REQUIRED WORK: Your answer should be the lines below from the one with "集美怎么会有这么适合打工人吃的海鲜火锅店" to the one with "Phường Ngọc Hà: Kiện", both included, given again exactly and with nothing added.

PROVIDED DATA:
━━━━━━━━━━━━━━━━━━━━

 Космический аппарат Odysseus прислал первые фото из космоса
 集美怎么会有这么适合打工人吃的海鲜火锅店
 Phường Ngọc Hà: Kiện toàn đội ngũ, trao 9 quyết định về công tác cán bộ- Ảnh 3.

━━━━━━━━━━━━━━━━━━━━

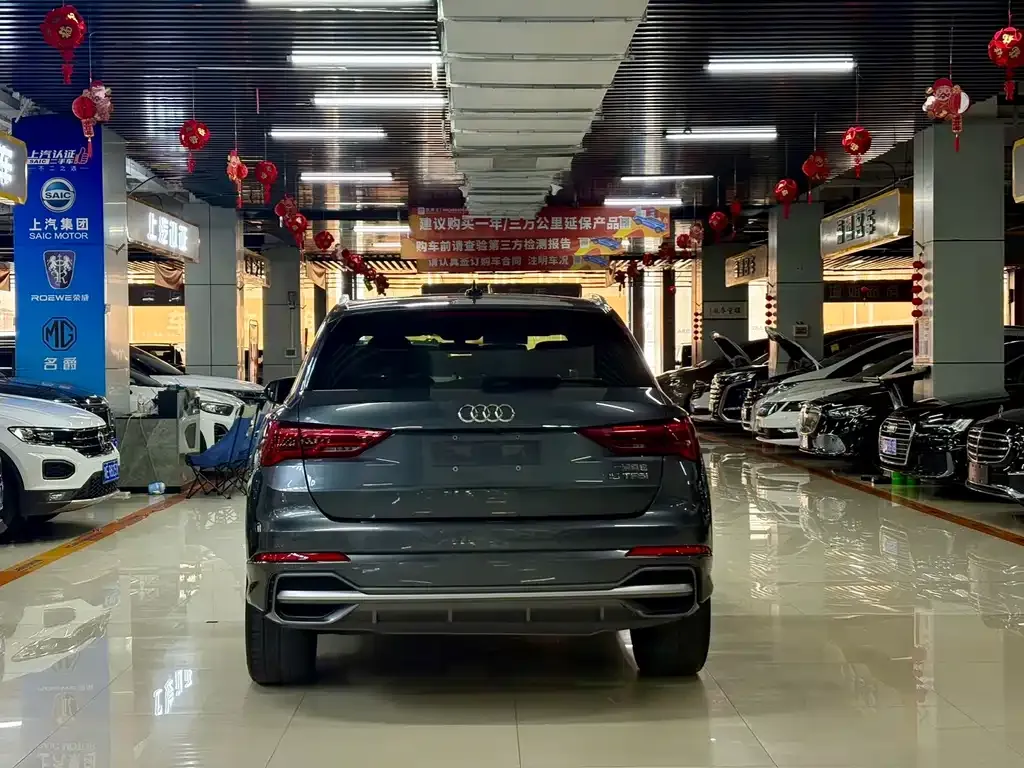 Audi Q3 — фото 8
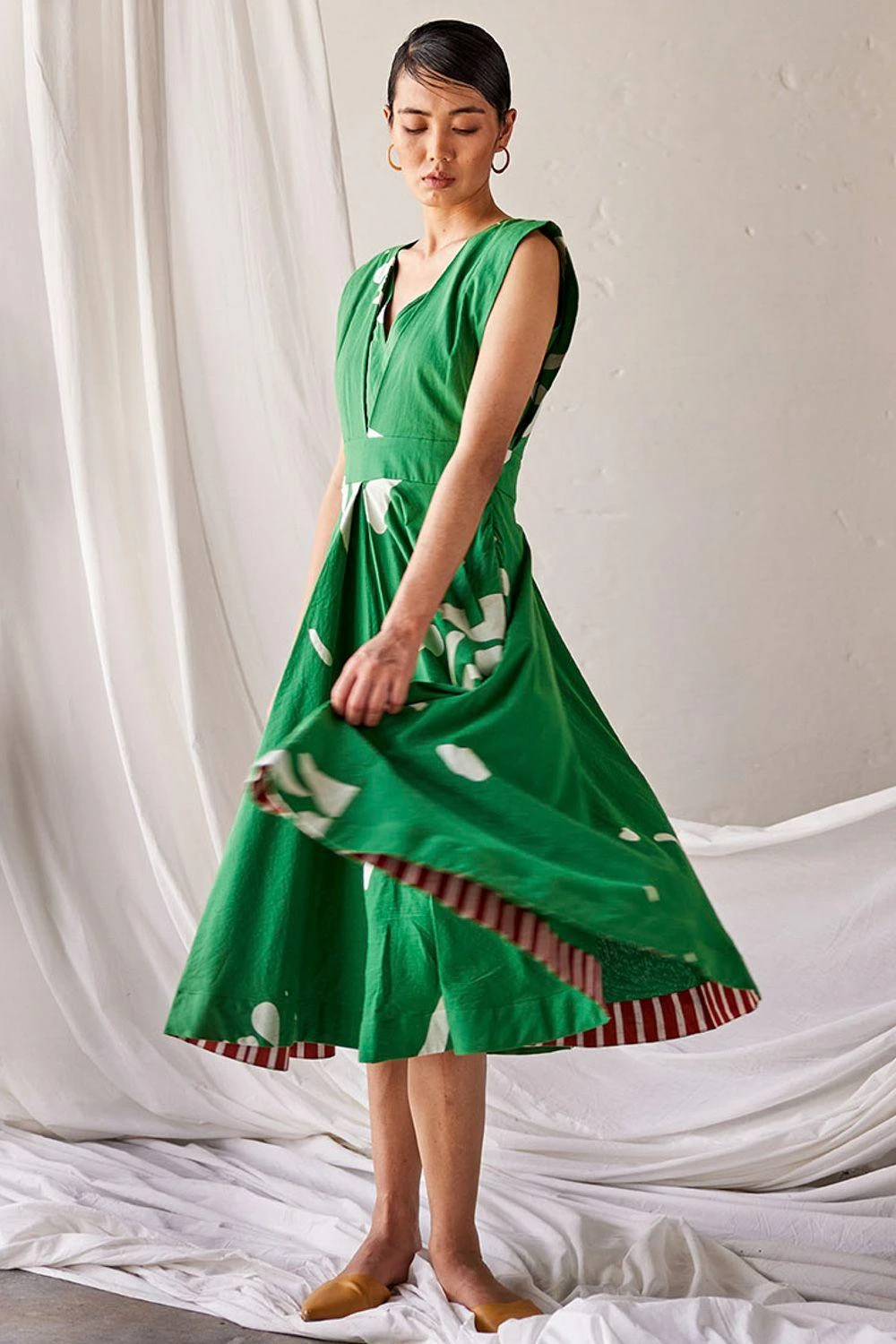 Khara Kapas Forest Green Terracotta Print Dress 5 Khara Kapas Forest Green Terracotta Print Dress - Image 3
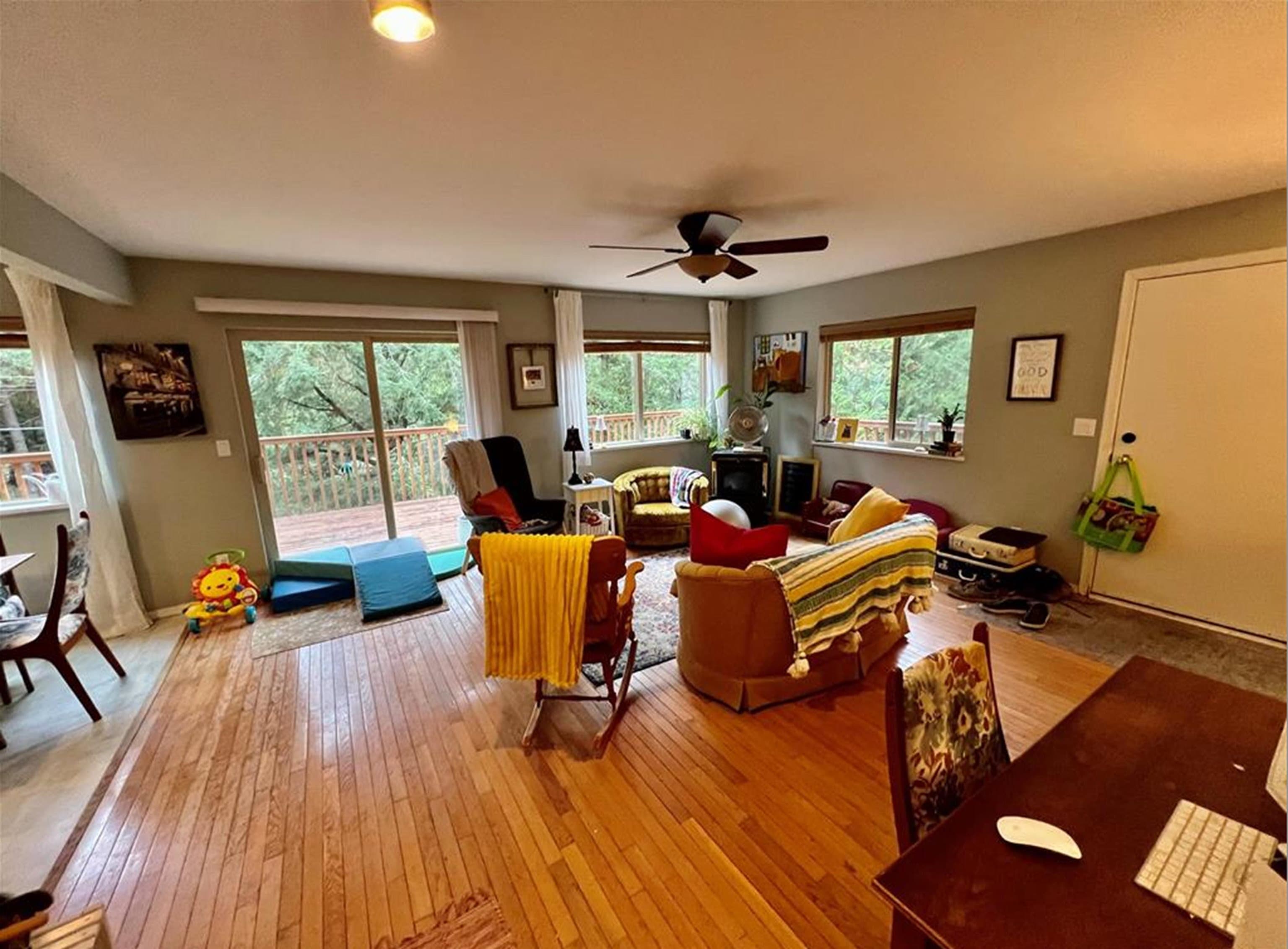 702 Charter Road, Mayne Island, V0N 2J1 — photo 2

━━━━━━━━━━━━━━━━━━━━

TASK RESPONSE:
 集美怎么会有这么适合打工人吃的海鲜火锅店
 Phường Ngọc Hà: Kiện toàn đội ngũ, trao 9 quyết định về công tác cán bộ- Ảnh 3.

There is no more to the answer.